Per questo il Presidente Mattarella, esprime un formale riconoscimento e plauso alle “Forze Armate le quali, con abnegazione, professionalità, senso delle istituzioni e spirito di servizio verso la comunità, hanno concorso, ieri, alla liberazione dell’Italia e contribuiscono, oggi, tanto sul territorio nazionale quanto nelle numerose e diversificate aree di crisi, alla realizzazione delle finalità indicate dalla Costituzione, costituendo un prezioso presidio di stabilità e sicurezza, risorsa per il progresso pacifico della comunità internazionale”.
E prosegue: “Nel ricordo di quanti, operatori in questo spirito, hanno dato la loro vita per costruire, difendere e diffondere tali valori, rivolgo un pensiero commosso ai caduti e alle loro famiglie, gravate da dolore incolmabile.

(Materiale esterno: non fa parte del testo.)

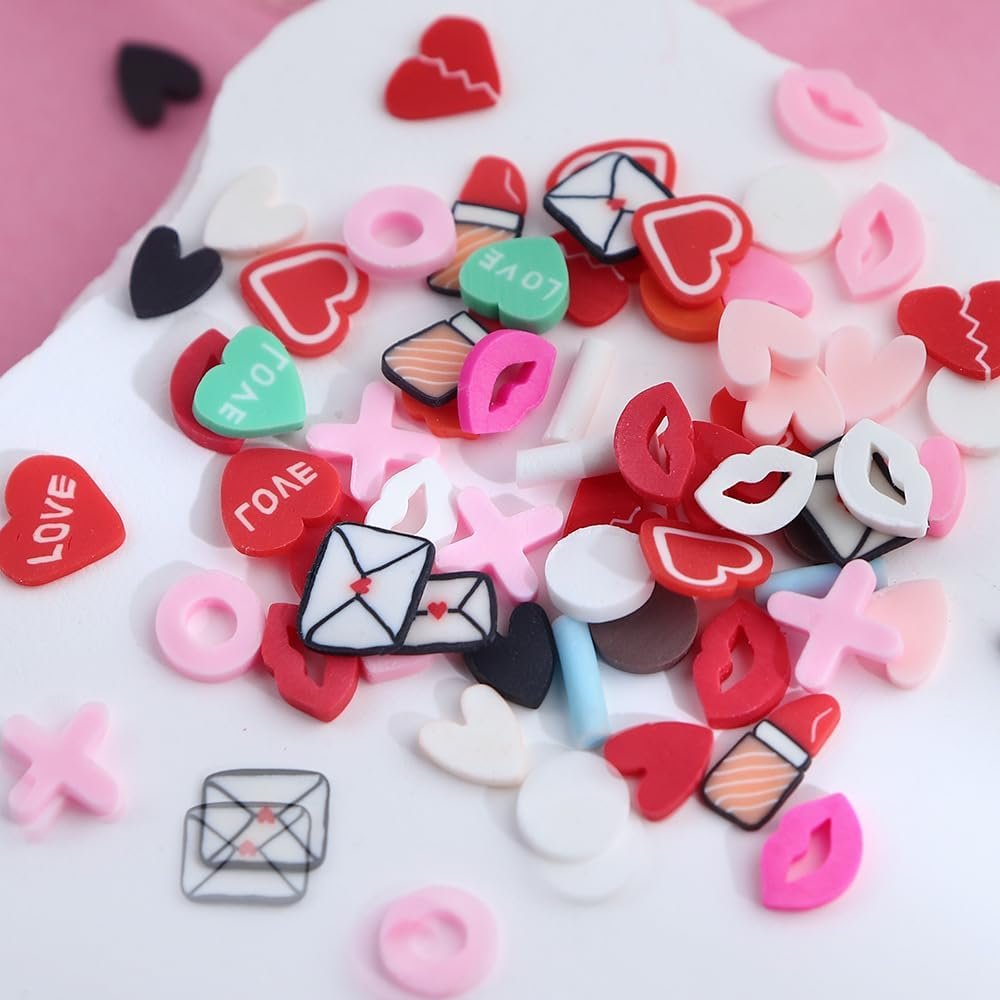 Valentine's Day Nail Art Slices Glitter Sequins 3D Heart Lips Envelope Shape Colorful Cute Nail Decals Paillettes for Girls Women DIY Nail Art Decoration - Image 4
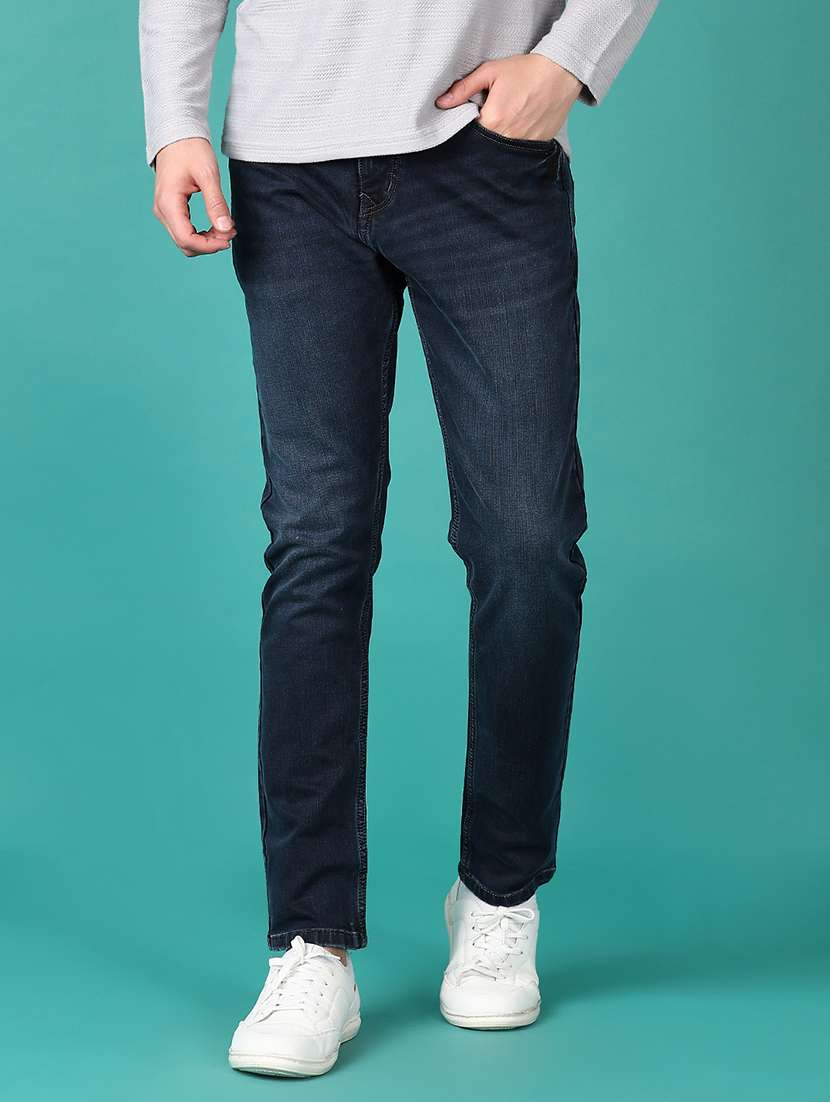 men washed mid rise denim jeans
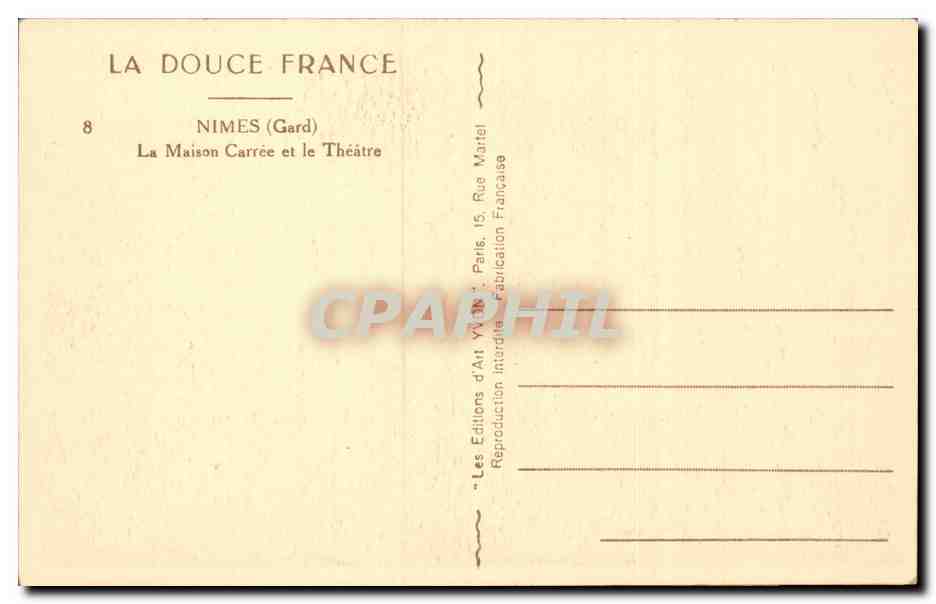 Nîmes (Gard) — La Maison Carrée et le Théâtre — Éditions La Douce France — Rückseite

Il loro sacrificio rappresenta esempio e monito per le giovani generazioni dei soldati, marinai, avieri, carabinieri e finanzieri, ai quali la Repubblica affida il compito di preservare e rafforzare oggi e per il futuro le stesse condizioni di pace e libertà che ci hanno donato”.
Come non ricordare, in queste parole, i sacrifici dei tanti carabinieri, poliziotti e degli altri corpi armati caduti per difendere la popolazione da criminalità e terrorismo, e quello dei nostri militari impegnati in operazioni all’estero, fra i tanti i dodici Carabinieri che persero la vita sedici anni fa nella tragica strage di Nassirya.
Ma il nostro Presidente non tralascia di riconoscere il ruolo della Unione Europea che esprime “i valori che ci accomunano ai popoli d’Europa con i quali condividiamo la costruzione di un percorso basato sui medesimi principi di rispetto dei diritti umani, di vigenza dello stato di diritto, di solidarietà e coesione fra popoli, rivolte all’interno e all’esterno dell’Unione europea”.
Con buona pace dei movimenti sovranisti che fortunatamente, anche nelle recenti elezioni, sono risultati sconfitti.
Orbene, se il 2 giugno rappresenta uno spartiacque, probabilmente oggi, nel nostro paese, ci vorrebbe un nuovo “2 giugno” per ricostruire una Italia diversa da quella che decenni di mal governo, accompagnati da ignoranza della storia e irrefrenabile populismo, hanno consegnato a forze politiche prive di cultura, di senso dello stato, di ideologia, e di rispetto per i valori che, sebbene sopiti, tutti i cittadini hanno, ma che in molti tentano di confinare sempre più in basso nel tentativo di farli completamente dimenticare.
E’ questo che la festività del 2 giugno deve rappresentare per tutti noi, ed è con questo auspicio che vogliamo festeggiare questa ricorrenza.